The experts have had to continually revise their assumptions about how the virus spreads, so it seems there are few clear-cut answers on how to balance public health with the need to support the economy. If the next wave of the virus hits harder than we currently expect, we are not likely to see the dramatic economic shutdowns that we endured last spring. We will likely see some restrictions on the unvaccinated population, but governments seem reluctant to completely shut down economic activity.

The politicians continue to work towards a major increase in government spending. The only question is how large of a spending package is sustainable given the fragile bipartisan consensus. The low-end is around one trillion. The high end is as much as five trillion. To put that in perspective, the Obama administration was only able to get $700 billion of stimulus following the credit crisis of 2009. A trillion dollars of new spending will super charge economic growth. The risk is that too much stimulus will cause inflation to spike higher. The rate of inflation is the most important factor in determining which sectors lead the market over the next few years.

If we look at the U.S. economy in isolation, it seems that inflation should be a significant threat, but the U.S. doesn’t operate in a vacuum. There is no shortage of unskilled labor in the world today.
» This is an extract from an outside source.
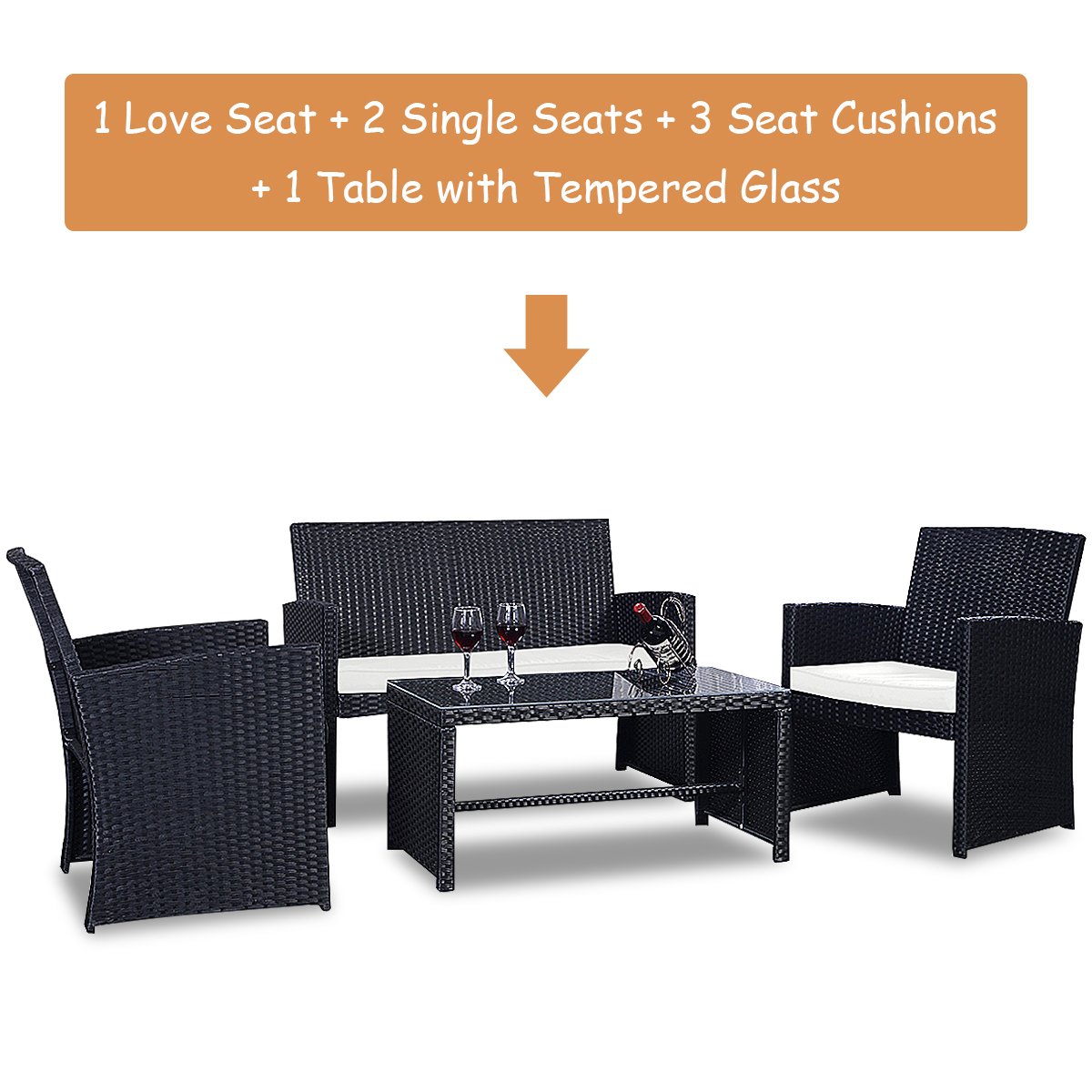 HAPPYGRILL 4-Piece Outdoor Patio Furniture Set - Rattan Wicker Conversation Sofa Set with Cushions, Coffee Table & Chairs for Garden, Lawn, Poolside, Backyard or Balcony | Weather-Resistant & Comfortable Lounge Seating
This should keep the rate of wage inflation low. Without wage inflation, it’s hard to see how inflation could approach the severity of what we experienced in the 1970s. Population growth is slowing, both in the U.S. and the rest of the developed world. When population growth slows, so does the demand for borrowing. Without a substantial increase in the demand for credit, interest rates will stay low.

Major long-term drivers of world-wide disinflation are coming up against short-term factors like increasing government spending. I doubt that an increase in U.S. government spending is enough to offset the global forces of disinflation. As we’ve seen in the last year, investor opinion can change rapidly. Just the perception of an increased risk of inflation is enough to create a bear market for growth stocks and a bull market for value stocks.